Why systematic evaluation has become indispensable

The digital landscape is changing at a breathtaking pace. Companies in the manufacturing industry frequently report failed pilot projects. For example, a mechanical engineering firm invested considerable sums in a predictive maintenance solution. The system promised proactive maintenance and significant cost savings. After six months, it became apparent that integration with existing control systems had not worked. The reason lay in a lack of prior testing of technical compatibility.

An automotive supplier had similar experiences with a quality control solution. The software theoretically recognised surface defects with high precision. However, in the harsh production environment, it failed regularly. Dust, changing lighting conditions and vibrations significantly affected the results. A structured testing process would have uncovered these problems early on. Therefore, an effective AI tool test is recommended even before any major investment.

Even in the area of supply chain optimisation, typical pitfalls become apparent. A medium-sized electronics manufacturer implemented a forecasting tool for material requirements. The solution used historical data to predict future order quantities. However, the algorithm did not adequately account for seasonal fluctuations. The result was repeated overstocking and bottlenecks. A thorough testing phase would have identified this weakness.

Best practice with a KIROI customer

An international manufacturer of precision components faced the challenge of optimising its production planning. The company initially evaluated seven different solutions for intelligent manufacturing control. As part of the transruption coaching, the team developed a three-stage evaluation process. First, those responsible checked the fundamental technical suitability of each solution. They analysed interfaces to existing ERP systems and machine controls. Subsequently, they conducted pilot tests with real production data. This revealed that only two of the seven providers could deliver the required data quality. In the third phase, they integrated the remaining solutions into a production line on a trial basis. The result was clear. One solution impressed with stable performance and intuitive operation. The other repeatedly caused system crashes under high data load. Through this structured approach, the company saved significant resources. The final implementation proceeded smoothly and achieved measurable improvements in manufacturing efficiency within six months.

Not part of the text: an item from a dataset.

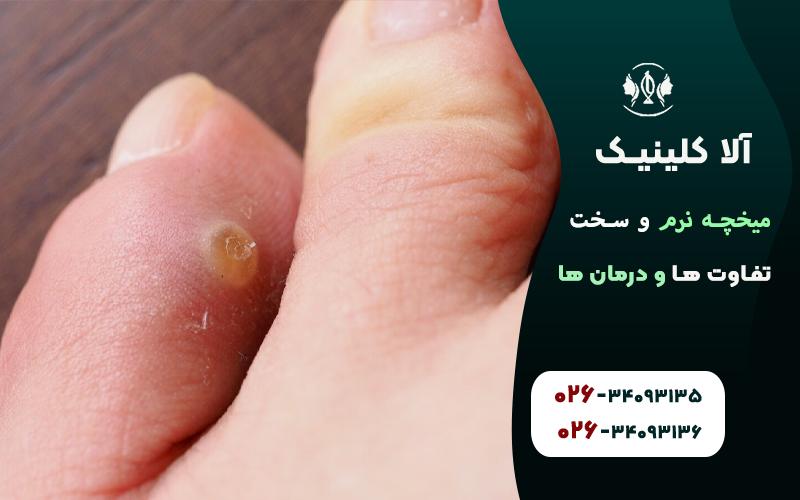 میخچه نرم و سخت؛ تفاوت ها و درمان ها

Effective AI Tool Testing: The Crucial Criteria for Your Selection

Managers require clear evaluation criteria for their decision-making processes. A machine tool manufacturer developed a scoring system with ten categories. These included technical performance, integration capabilities, and user-friendliness. Additionally, aspects such as supplier reliability and support quality were incorporated into the evaluation. This systematic approach enabled objective comparisons between different solutions.

Data security plays a central role, particularly in the manufacturing industry. A medical technology manufacturer rigorously tested solutions for compliance aspects. The company asked detailed questions about data storage and processing. Where are the servers located and what encryption standards are used? This information proved to be crucial for the final selection. Not all providers were able to meet the strict regulatory requirements.

Scalability also deserves particular attention during the evaluation. A packaging machine manufacturer tested a solution for automated quote calculations. Everything worked perfectly during the pilot phase with a few users. However, when the entire sales department gained access, massive performance problems occurred. Response times increased from seconds to minutes. A more comprehensive load test would have predicted this problem [1].

Define technical requirements precisely

The precise specification of technical requirements forms the foundation of every successful evaluation. A manufacturer of industrial robots initially documented all existing system landscapes. The team captured all interfaces, data formats, and communication protocols. This documentation served as a basis for testing potential new solutions. Each supplier had to prove that their solution harmonised with the existing infrastructure.

A supplier to the aerospace industry went a step further. The company defined not only current but also future requirements. Strategic planning envisaged a tripling of production capacity within five years. Every new solution had to be able to reflect this growth perspective. Suppliers who only catered to current needs were eliminated early from the selection process.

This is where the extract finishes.